I recall the 1999 attention-getting idea by Vancouver agency Rethink. The three leaders of the agency had just left Palmer Jarvis DDB to go out on their own. In order to create buzz for their startup they branded and distributed Rethink Beer. The product helped put Rethink on the map and remained on shelves until 2003.

This is one example in a longstanding series of agency experiments with product development. A new book by Leif Abraham, with an amazingly long title, suggests how Madison Avenue needs to change. His effort is called, Madison Valley: Building Digital Products. Getting the Most out of Talent. And How Madison Avenue Can Be More like Silicon Valley, which is a fine preview of the book’s content. The overriding premise is creative businesses should not restrict themselves to communications but should leverage their talents for real product innovation.
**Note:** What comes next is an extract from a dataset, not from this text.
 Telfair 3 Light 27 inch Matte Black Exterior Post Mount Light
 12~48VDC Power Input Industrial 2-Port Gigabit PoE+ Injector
Having worked at, and for, a number of agencies, I know these businesses would love to reap the profits of an iPod or Nike FuelBand as additional revenue or to stave off the long anticipated lower margins resulting from an old business model. Yet, Abraham points out the reality, “Every agency wants to build a lab and make products. Every award show adds product innovation categories. But we haven’t yet seen a successful product coming out of an ad agency. My book gives an analysis on how product innovation is treated in agencies today, what needs to change and why it’s about more than just the product.”